Ses services à l’élite patronale se sont poursuivis pendant son mandat de vice-président du gouvernement Obama, lorsqu’il a supervisé le sauvetage de Wall Street et la restructuration de la faillite de l’industrie automobile, dans laquelle on a réduit les salaires des nouveaux travailleurs de moitié.

C’est à ses partisans de l’aristocratie financière, lors d’une collecte de fonds exclusive l’année dernière à Manhattan, que Biden a fait sa fameuse promesse – la déclaration la plus sincère de toute sa campagne – selon laquelle si on l’élisait président, «le niveau de vie de personne ne changerait. Rien ne changerait fondamentalement».

Les contraintes financières de la campagne de Trump sont indéniables.
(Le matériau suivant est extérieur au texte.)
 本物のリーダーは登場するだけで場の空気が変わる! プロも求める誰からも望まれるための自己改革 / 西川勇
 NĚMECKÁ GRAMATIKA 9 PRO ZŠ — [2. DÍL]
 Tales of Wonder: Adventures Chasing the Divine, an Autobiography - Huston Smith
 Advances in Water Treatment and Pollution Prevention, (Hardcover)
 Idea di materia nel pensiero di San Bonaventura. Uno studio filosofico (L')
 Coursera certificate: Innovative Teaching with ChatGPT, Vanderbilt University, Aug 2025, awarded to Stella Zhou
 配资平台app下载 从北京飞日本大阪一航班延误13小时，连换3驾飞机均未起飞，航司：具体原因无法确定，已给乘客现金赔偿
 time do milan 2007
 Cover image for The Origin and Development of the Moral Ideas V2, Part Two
Au cours de la dernière semaine de septembre et de la première semaine d’octobre, par exemple, elle a cessé de faire de la publicité dans quatre États «clés» – l’Iowa, l’Ohio, le Texas et le New Hampshire. Un décompte dans le secteur de la publicité a établi que Biden à dépassé Trump en termes de dépenses de campagne dans 72 des 83 marchés médiatiques où les deux campagnes étaient encore en concurrence.

La disparité entre les campagnes de Biden et de Trump est exacerbée par le timing de leurs dépenses. Trump a dépensé sans compter dans les premiers mois de 2020, avant même que le candidat démocrate ne soit désigné, et a globalement moins bien réussi. Le résultat est que Trump souffre d’un manque de liquidités dans les dernières semaines de sa campagne.

Biden a commencé le mois d’août avec un avantage de trois contre un en termes de ressources financières et il a dépensé trois fois plus que Trump dans trois États critiques – le Michigan, la Pennsylvanie et le Wisconsin –, soit 53 contre 17 millions de dollars. Selon les chiffres publiés dans les publications spécialisées en publicité, Biden a un avantage de 5 contre 1 sur le marché de Milwaukee, au Wisconsin, et un avantage de plus de 2 contre 1 à Detroit et Philadelphie.

À Omaha, au Nebraska, où un seul vote électoral est en jeu dans le deuxième district du Congrès, Biden a dépensé deux millions de dollars en publicité, soit six fois le total de Trump.